- Opening Delimiter -
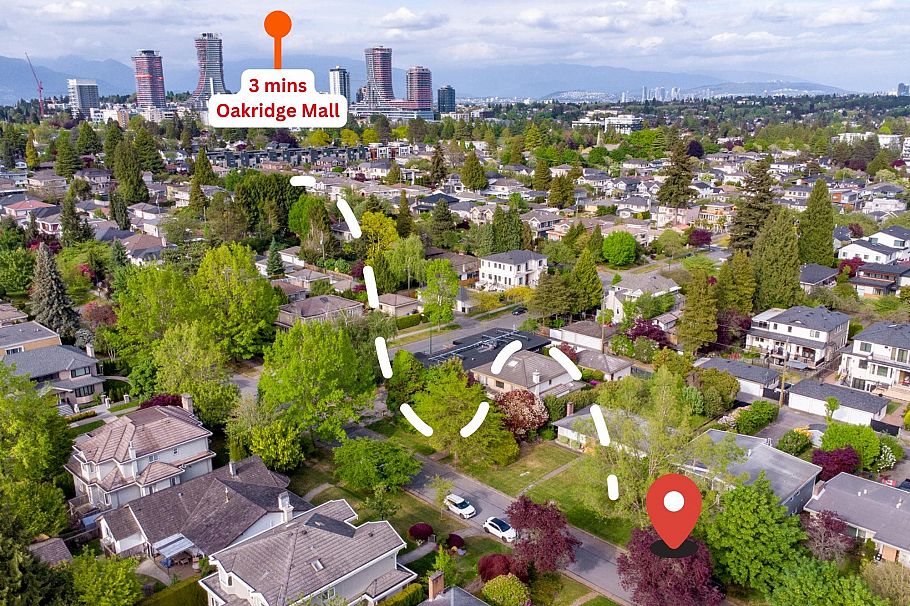 6836 Fremlin Street Vancouver, BC - 8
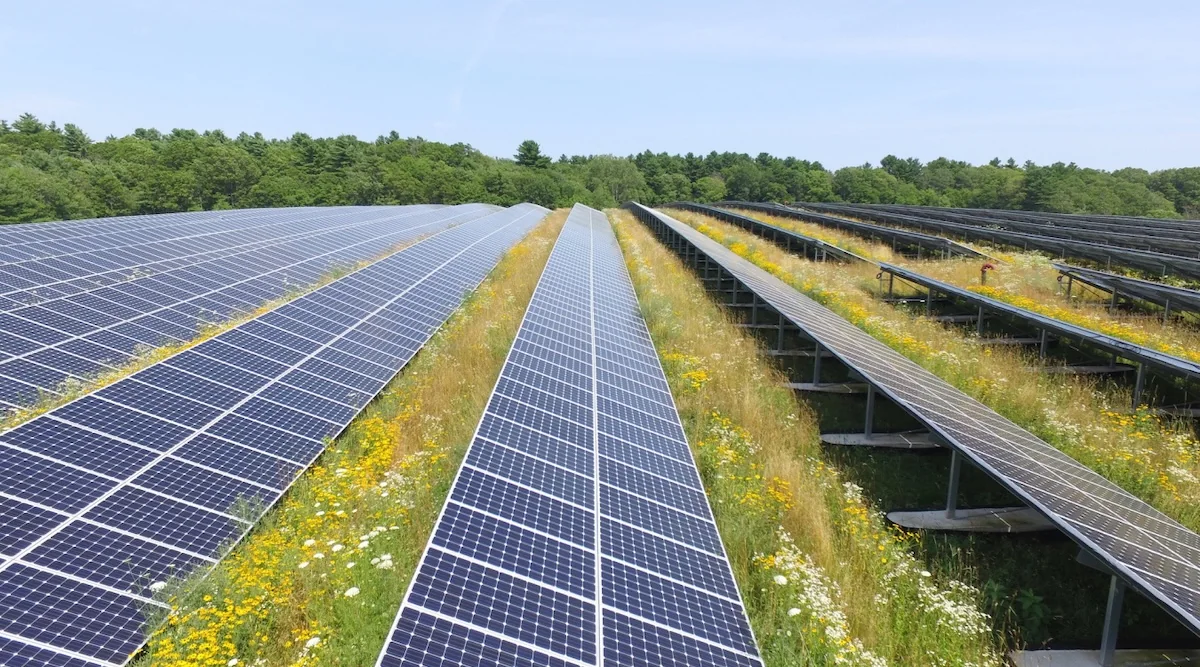 Coal Pollution Hurts Solar Panels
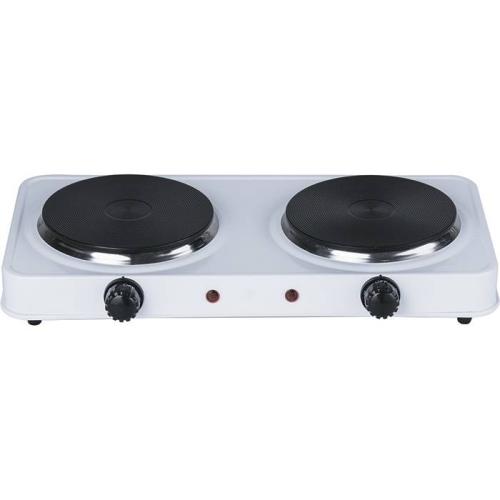 Плита электро MAXTRONIC MAX-АТ-002WH белая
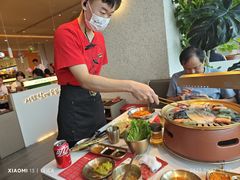 -西塔老太太泥炉烤肉(川沙百联店)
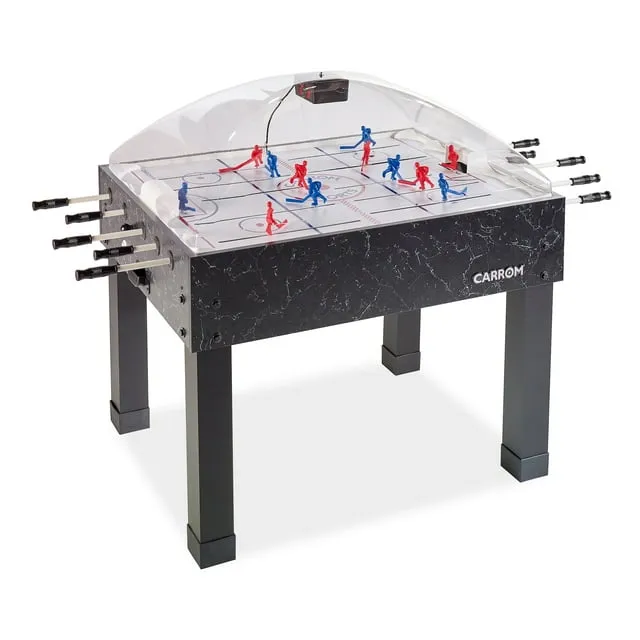 Carrom Super Stick Hockey Table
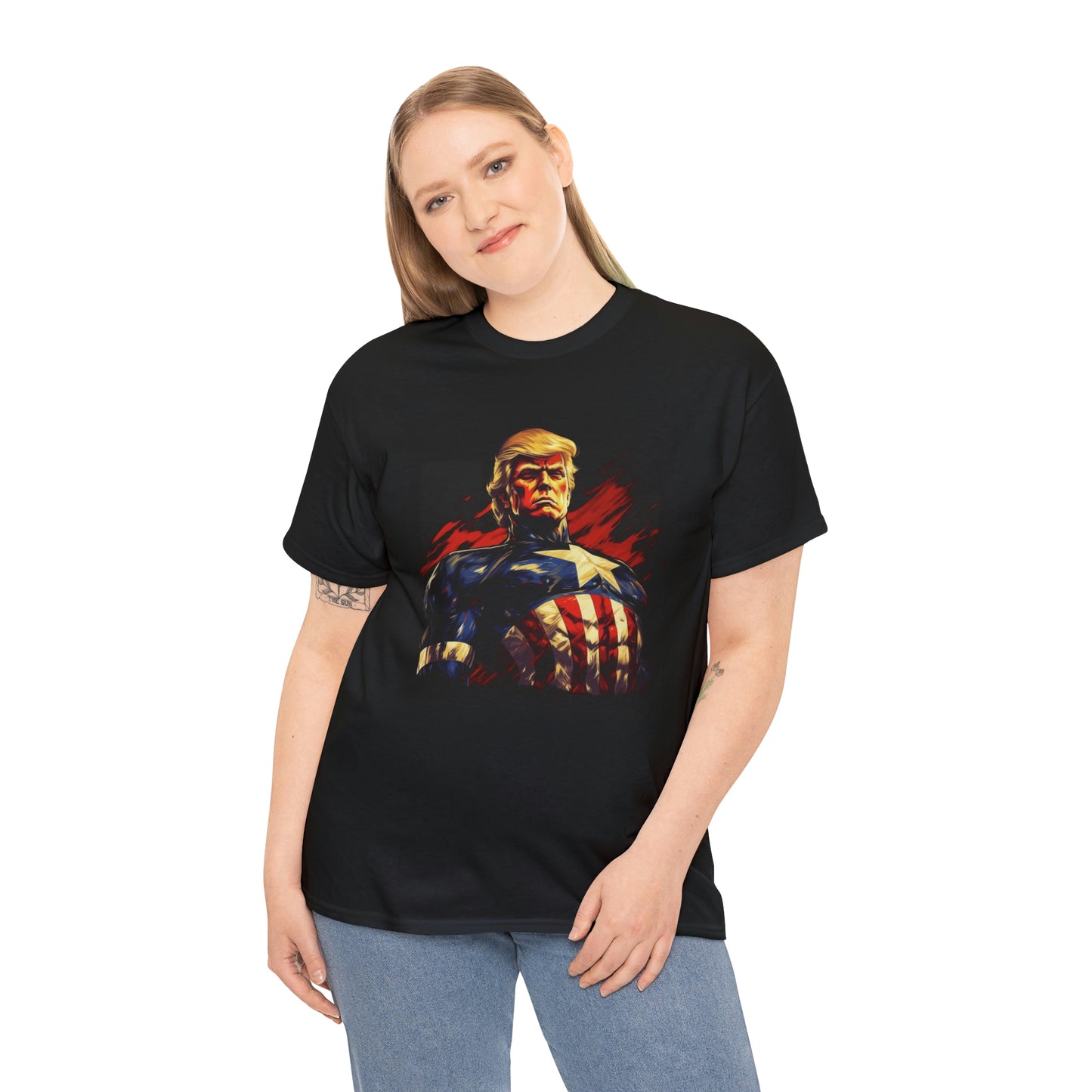 Trump 2024 Cotton Tee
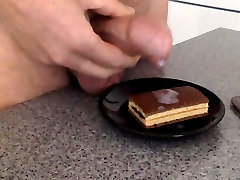 Coffee asia gam show with cum cream
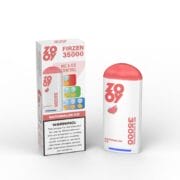 ZOOY FIRZEN 35000 35K Puffs Einweg-E-Zigarette 30ml mit individueller Steuerung – Bild 3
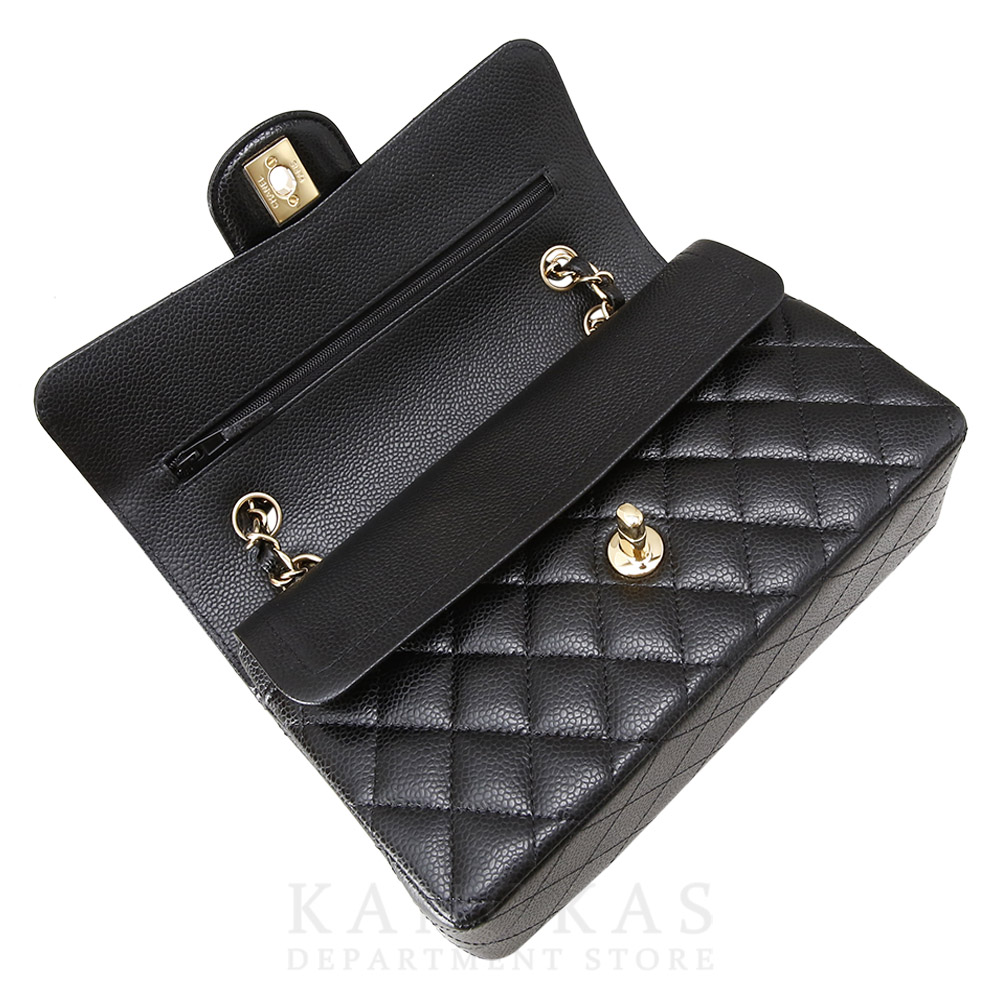 CHANEL(USED)샤넬 캐비어 클래식 스몰 플랩백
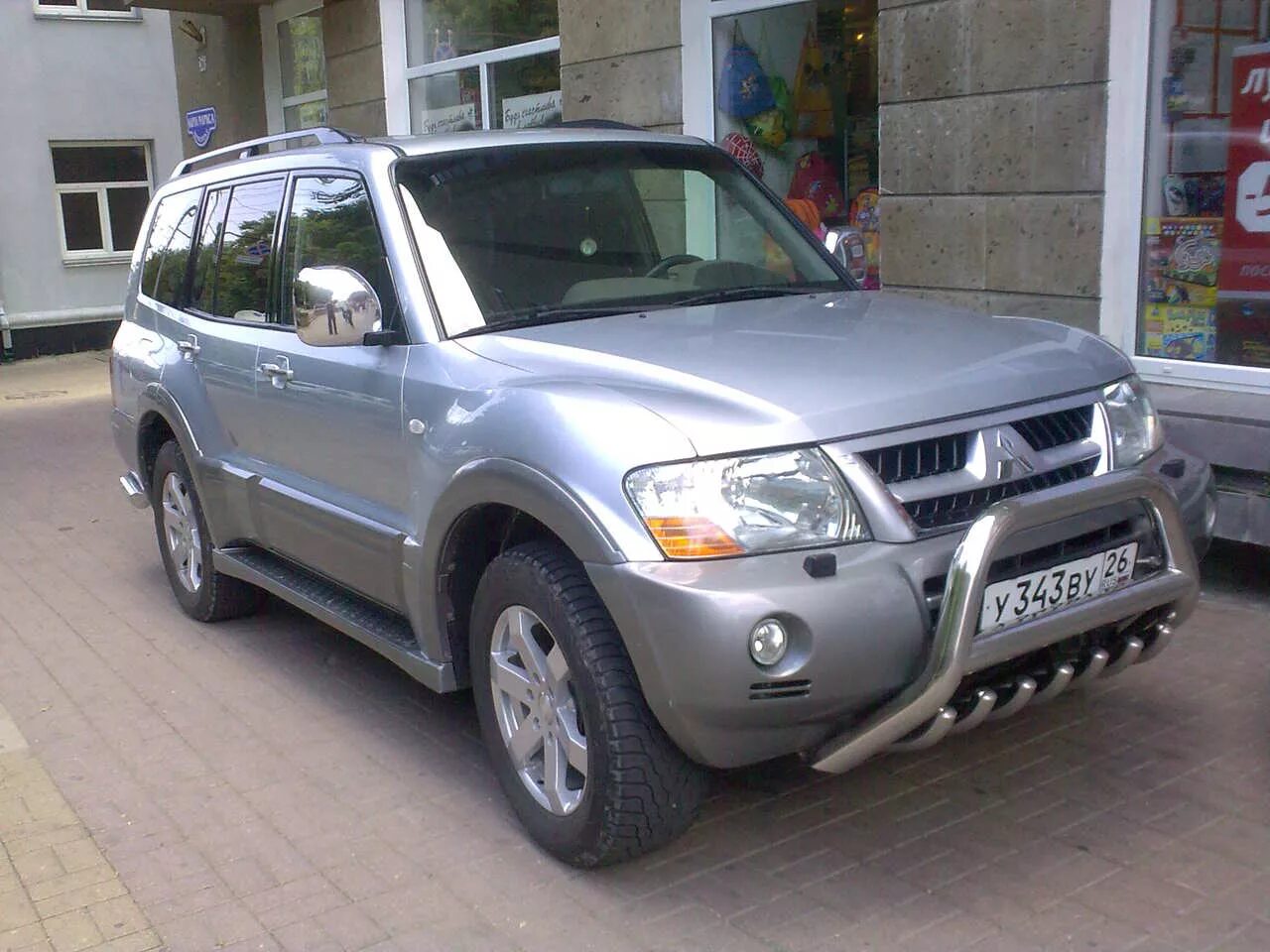 Митсубиси Паджеро 2004. Mitsubishi Pajero III, 2004. Мицубиси Паджеро 2004г. Mitsubishi Pajero 2004 год. Купить паджеро казахстан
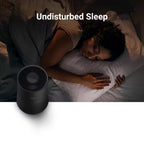 True HEPA Air Purifier with Plasma Technology – Smart Home Air Cleaner for Allergies, Smoke & Odors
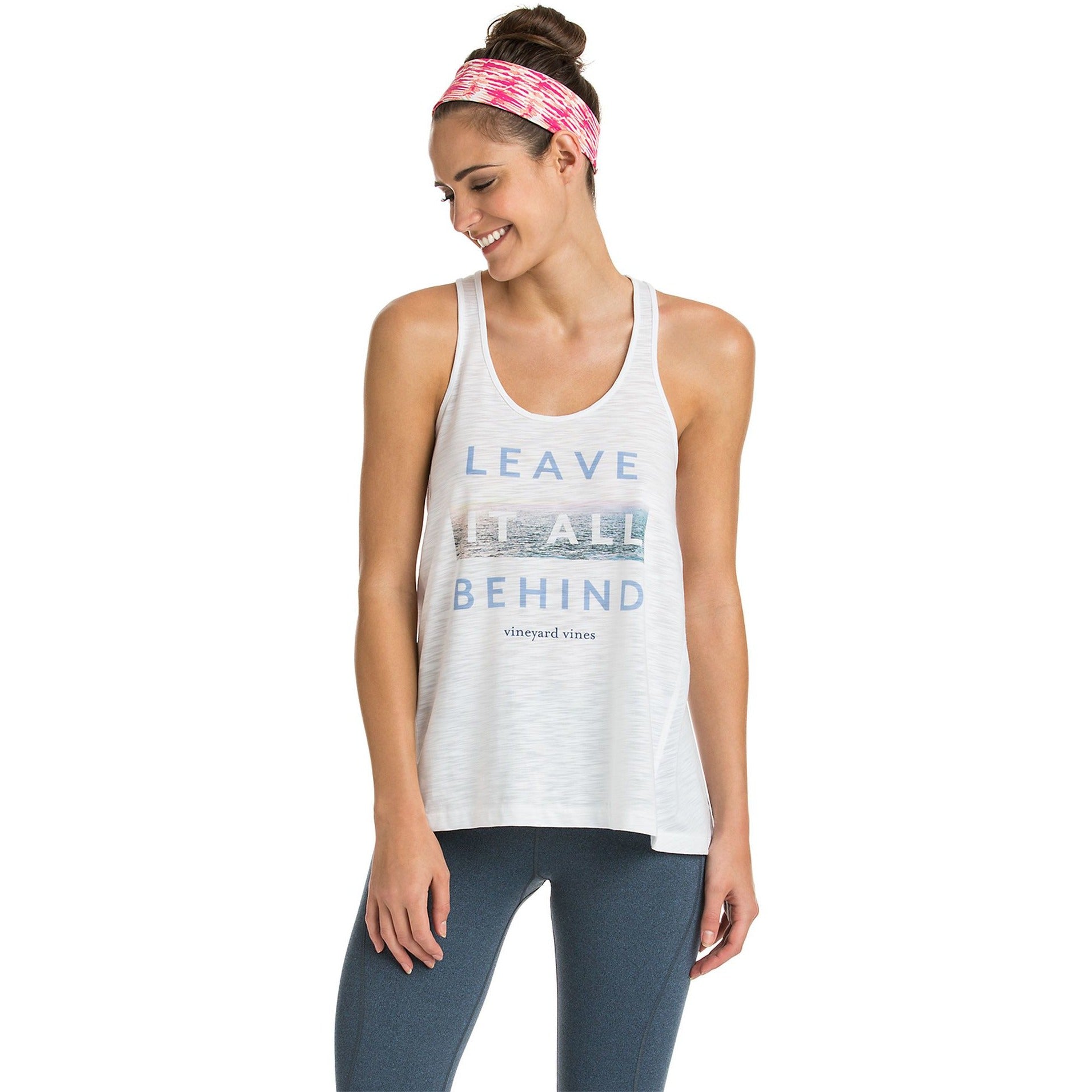 Vineyard selling Vines Sleeveless top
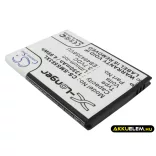 Utángyártott Samsung mobil Li-ion akkumulátor 3.7V 1350mAh EB494358VU - CameronSino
- Closing Delimiter -
• **Task goal**
Within these entries, output exactly the lines starting at the one with "Митсубиси Паджеро 2004." and finishing at the one with "Vineyard selling Vines Sleeveless top". Leave pictures out of the output.

• **Answer for this exercise**
 Митсубиси Паджеро 2004. Mitsubishi Pajero III, 2004. Мицубиси Паджеро 2004г. Mitsubishi Pajero 2004 год. Купить паджеро казахстан
 True HEPA Air Purifier with Plasma Technology – Smart Home Air Cleaner for Allergies, Smoke & Odors
 Vineyard selling Vines Sleeveless top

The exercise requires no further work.